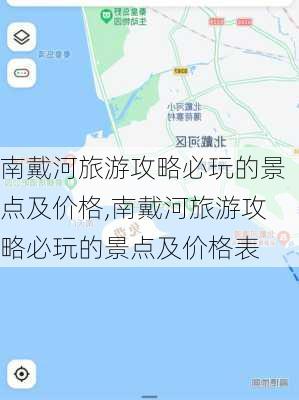 南戴河旅游攻略必玩的景点及价格,南戴河旅游攻略必玩的景点及价格表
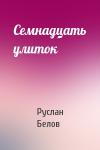 Руслан Белов - Семнадцать улиток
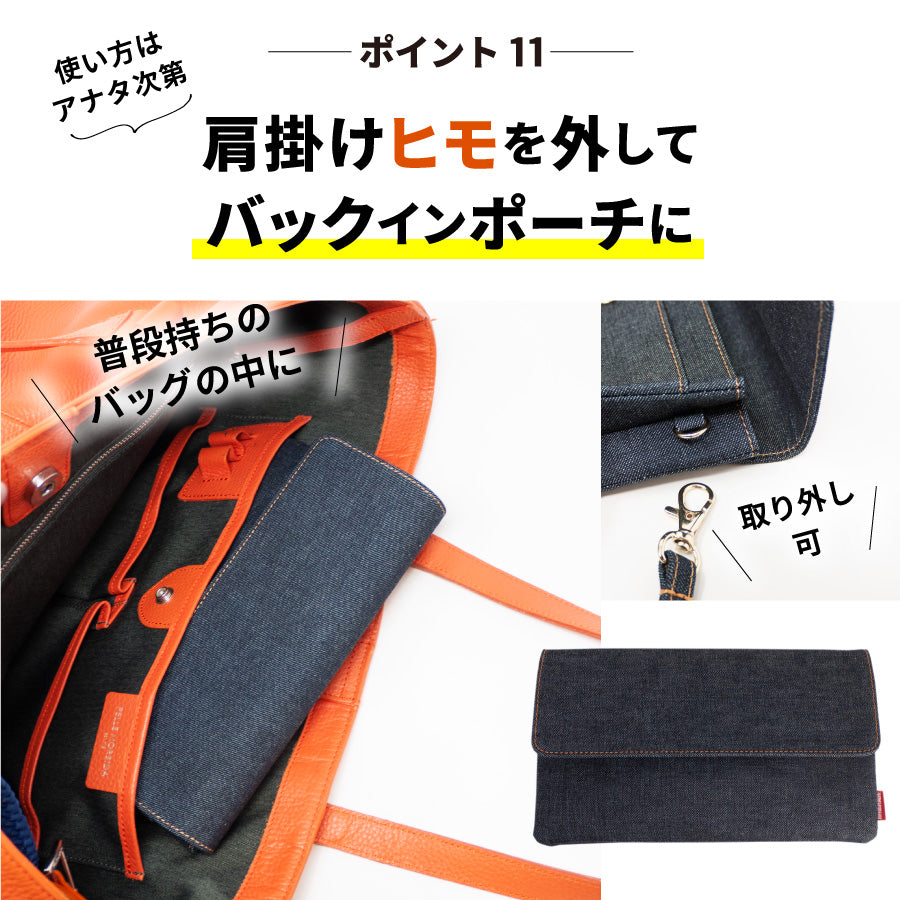 スマホポーチ 日本が誇るデニム 横型 スマホショルダー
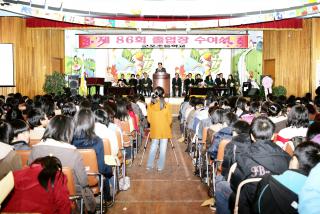 군포초등학교 졸업식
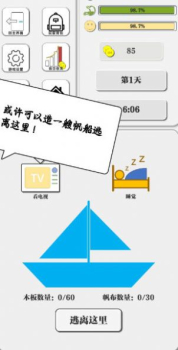 一百块钱的梦想2孤岛游戏安卓版 vBeta4.0 screenshot 2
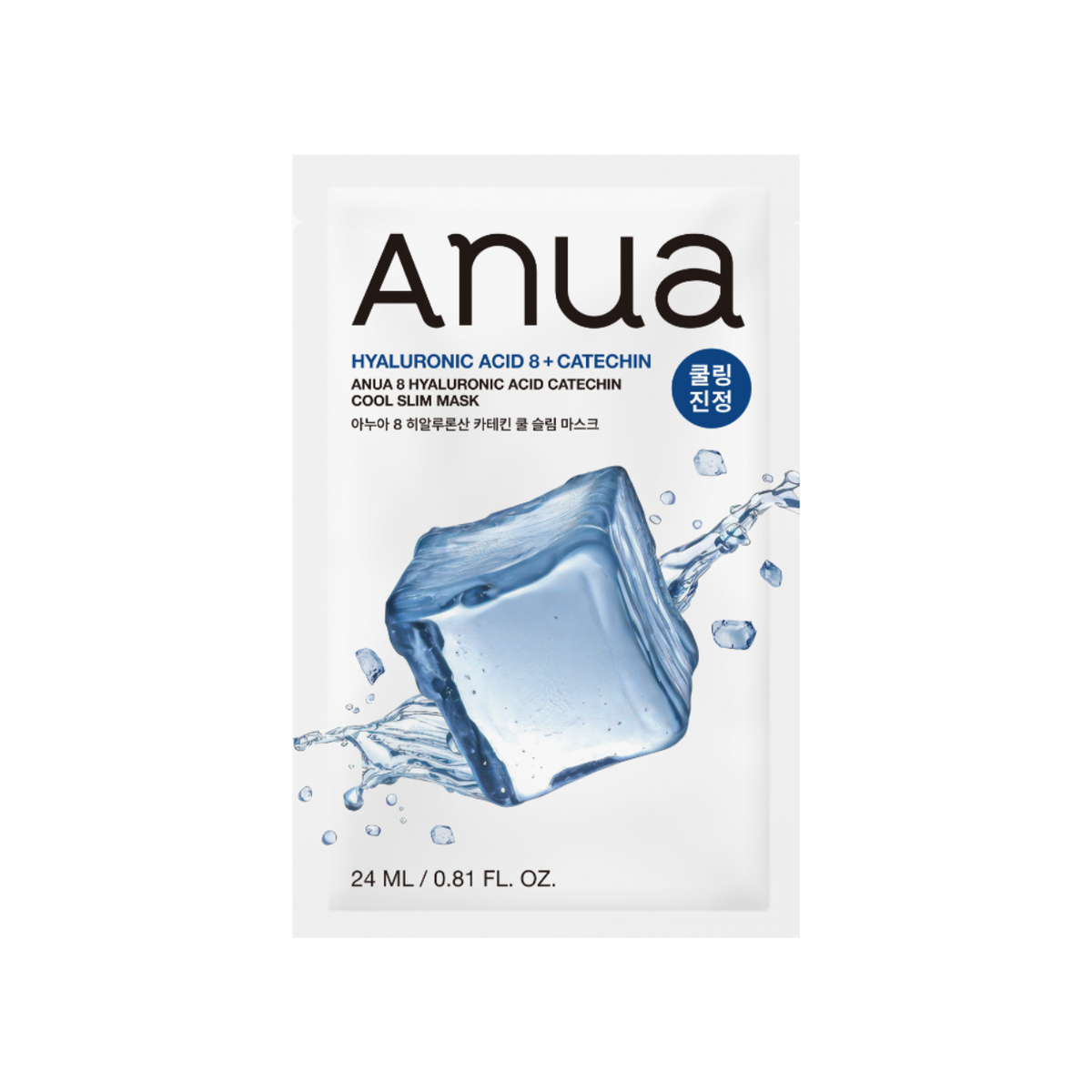 [Anua] 8 Hyaluronic Acid Catechin Cool Slim Mask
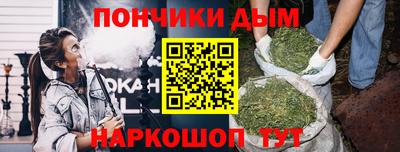 а пвп мука Обь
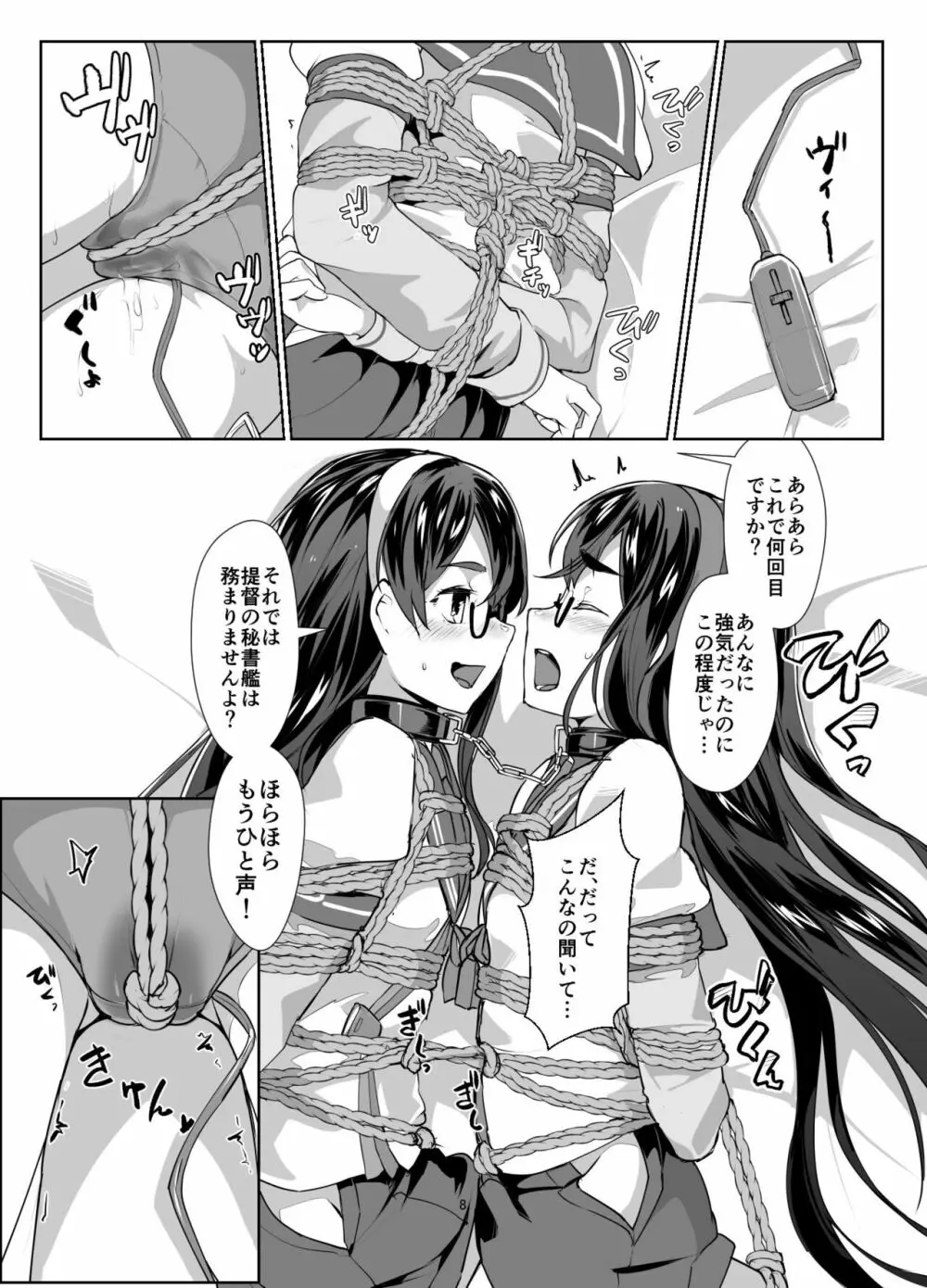 大淀×2とデイリー任務 Page.7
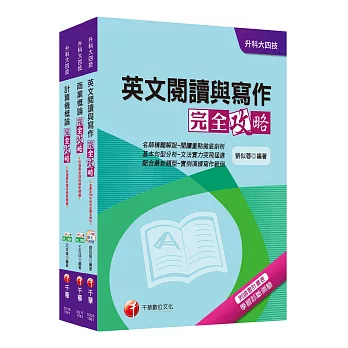 106年升科大四技統一入學測驗【外語群英語類】套書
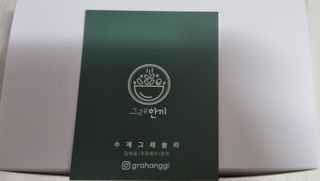 [그래한끼] 무설탕/저당 시리얼타입 수제그래놀라 (40gX10개) — 5점을 준 리뷰어가 2022년 9월 올린 사용 사진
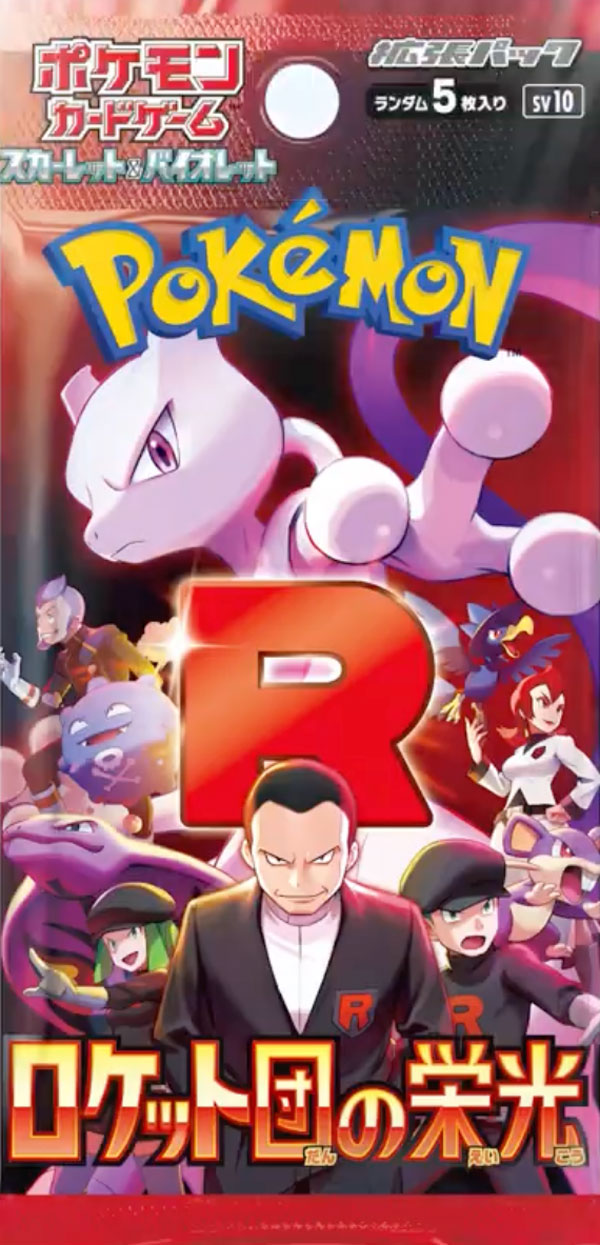 PTCG 寶可夢卡片《火箭隊的榮光》SV10 擴充包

=== What this task involves ===
Retype, without any picture, exactly the lines from the one with "106年升科大四技統一入學測驗【外語群英語類】套書" through the end of the entries, inclusive.

=== Solution for this task ===
 106年升科大四技統一入學測驗【外語群英語類】套書
 [그래한끼] 무설탕/저당 시리얼타입 수제그래놀라 (40gX10개) — 5점을 준 리뷰어가 2022년 9월 올린 사용 사진
 PTCG 寶可夢卡片《火箭隊的榮光》SV10 擴充包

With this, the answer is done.